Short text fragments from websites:
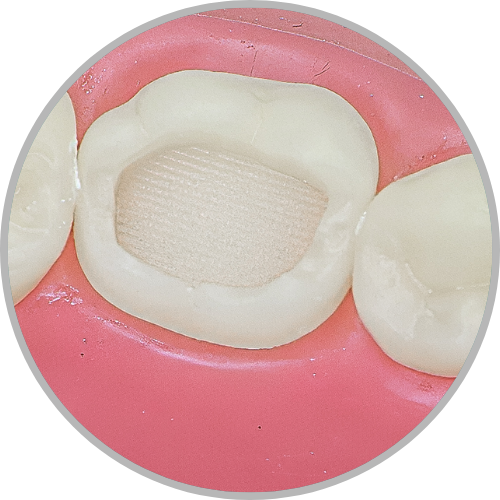 Dente 36 - Classe I (O) extensa (cod:36.B)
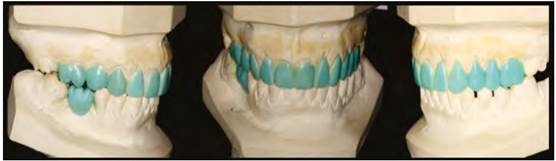 ODONTO-ESTOMATOLOGICA: SECUENCIA DE PRUEBAS EN CONSULTA PARA CONFECCION DE CORONA  METAL-CERÁMICA EN PORCELANA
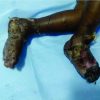 Pig Bite Injury Mimicking as Battered Baby Syndrome Leading to Bilateral Foot Amputation in a Toddler: A Diagnostic Dilemma and a Rare Case Report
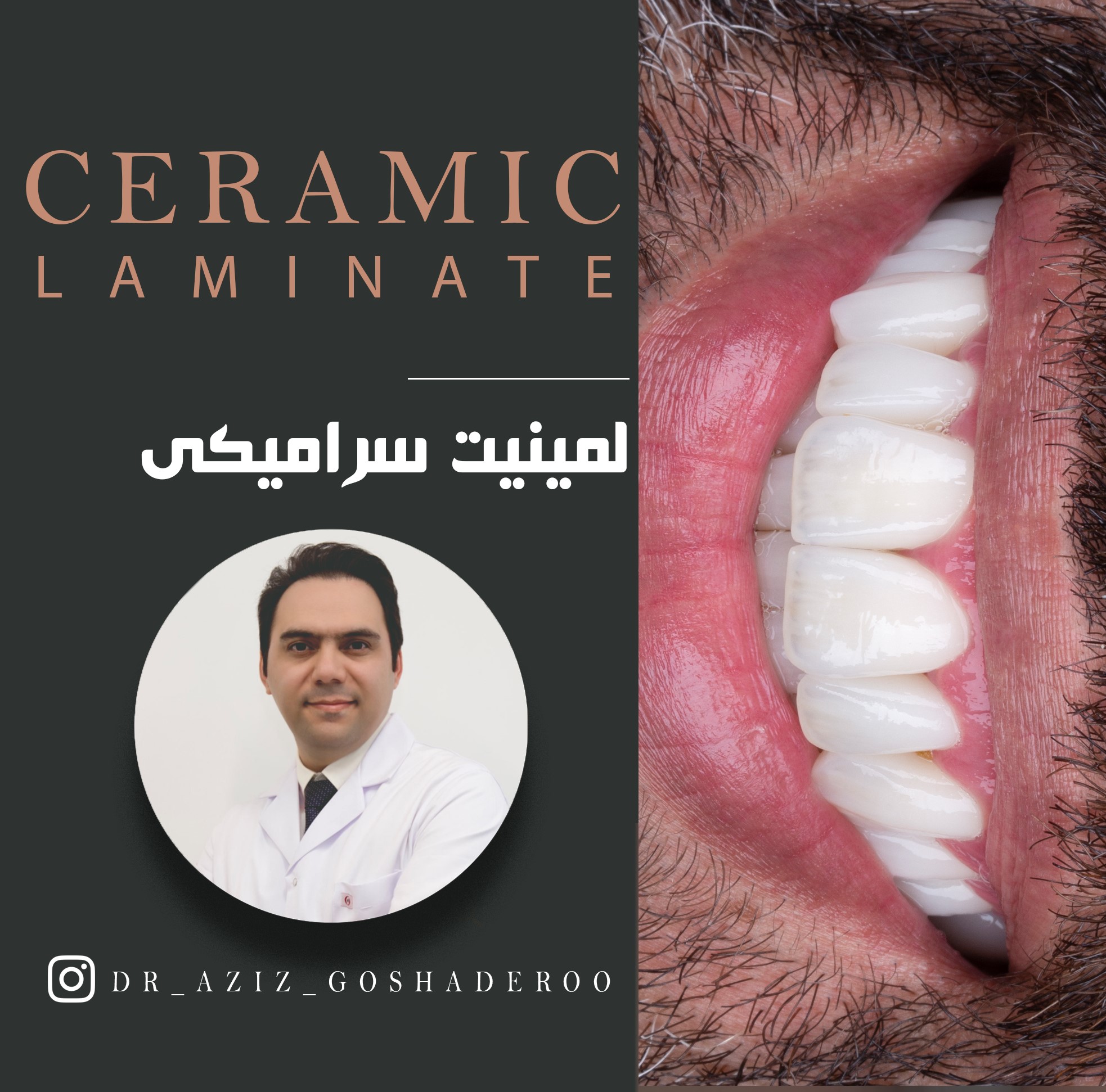 طراحی لبخند طبیعی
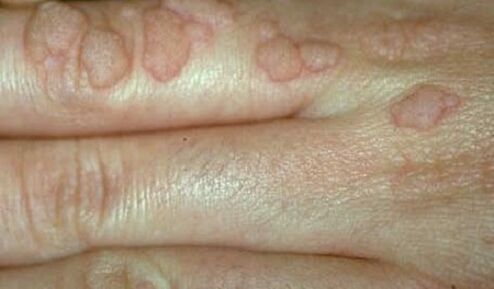 Human papillomavirus on the hands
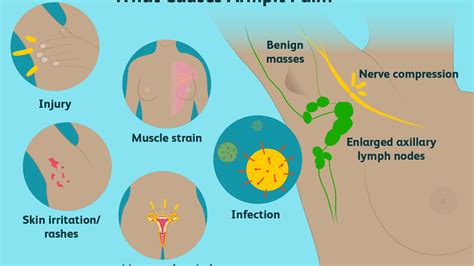 Lump in Armpit? Find Out Why Lumps Are Commonly Found in the Armpit - Sussex Air Ambulance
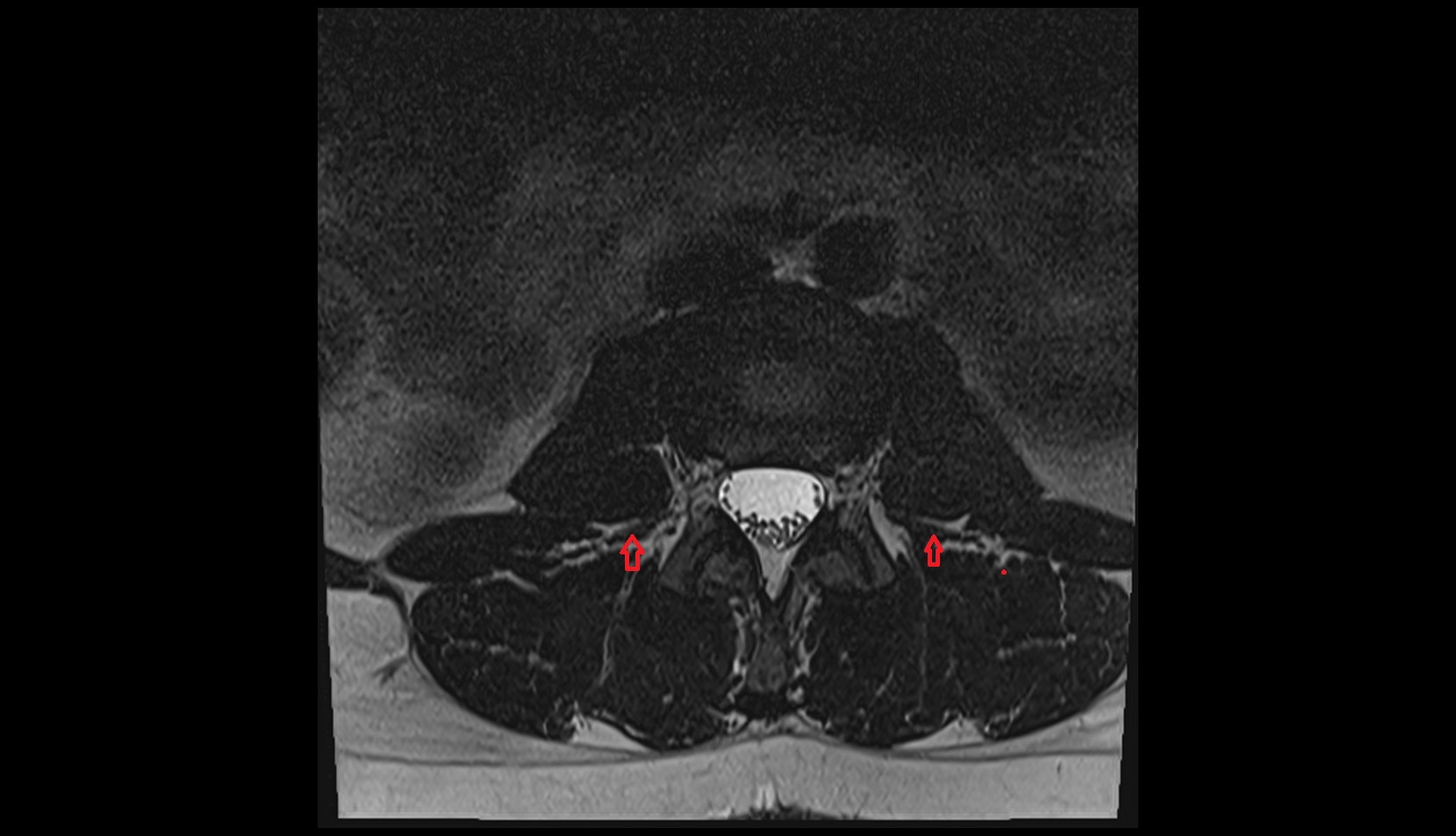 Intertransversarii muscle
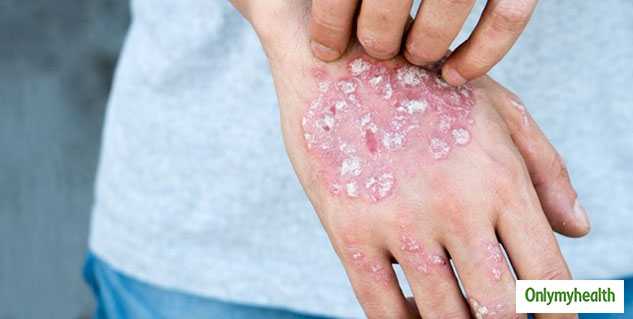 insidePsoriasis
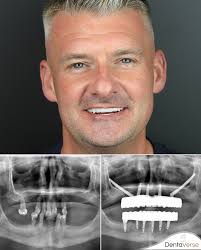🦷 A New Success Story with Zygomatic Implants! In some cases, traditional  dental implants simply aren't possible… But for us, that's never the end of  the story — it's just the beginning.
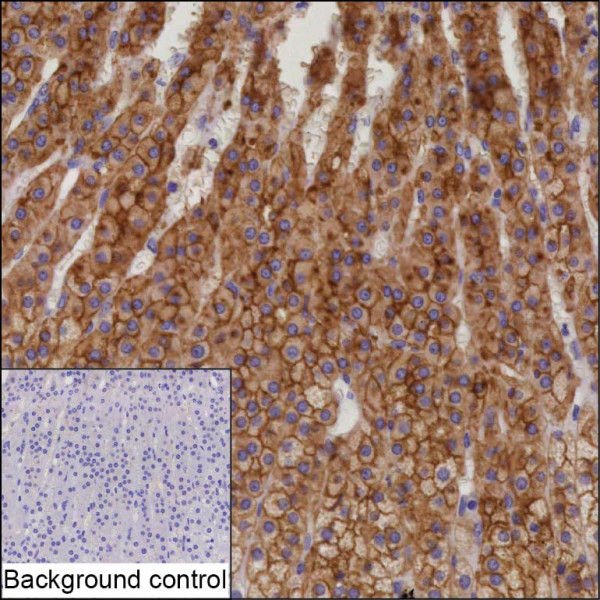 Anti-ABCB1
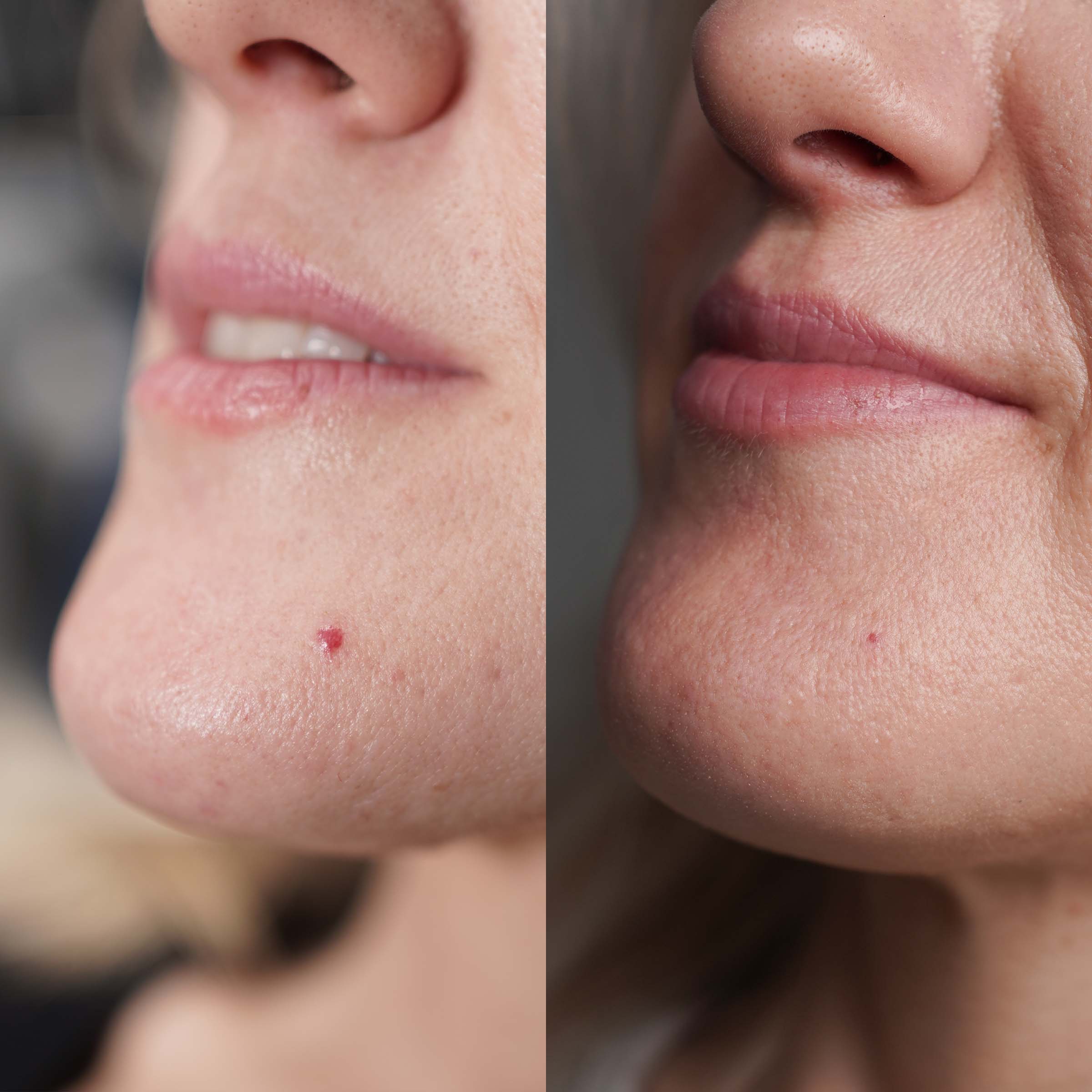 cherry angioma on chin nearly gone after a single treatment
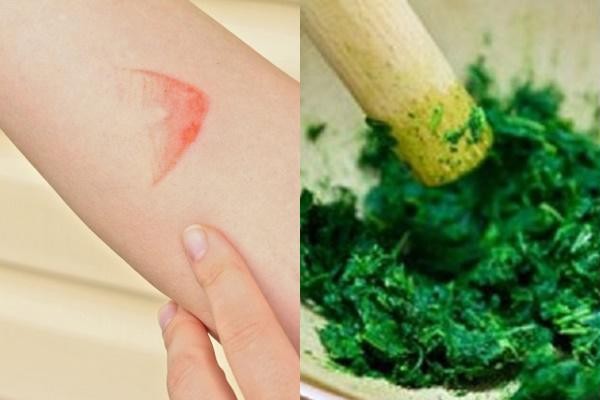 Dân gian thường dùng rau má để trị vết bỏng Dân gian thường dùng rau má để trị vết bỏng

(Task): Copy all the records word for word and keep the pictures out.

(Exercise answer):
 Dente 36 - Classe I (O) extensa (cod:36.B)
 ODONTO-ESTOMATOLOGICA: SECUENCIA DE PRUEBAS EN CONSULTA PARA CONFECCION DE CORONA  METAL-CERÁMICA EN PORCELANA
 Pig Bite Injury Mimicking as Battered Baby Syndrome Leading to Bilateral Foot Amputation in a Toddler: A Diagnostic Dilemma and a Rare Case Report
 طراحی لبخند طبیعی
 Human papillomavirus on the hands
 Lump in Armpit? Find Out Why Lumps Are Commonly Found in the Armpit - Sussex Air Ambulance
 Intertransversarii muscle
 insidePsoriasis
🦷 A New Success Story with Zygomatic Implants! In some cases, traditional  dental implants simply aren't possible… But for us, that's never the end of  the story — it's just the beginning.
 Anti-ABCB1
 cherry angioma on chin nearly gone after a single treatment
 Dân gian thường dùng rau má để trị vết bỏng Dân gian thường dùng rau má để trị vết bỏng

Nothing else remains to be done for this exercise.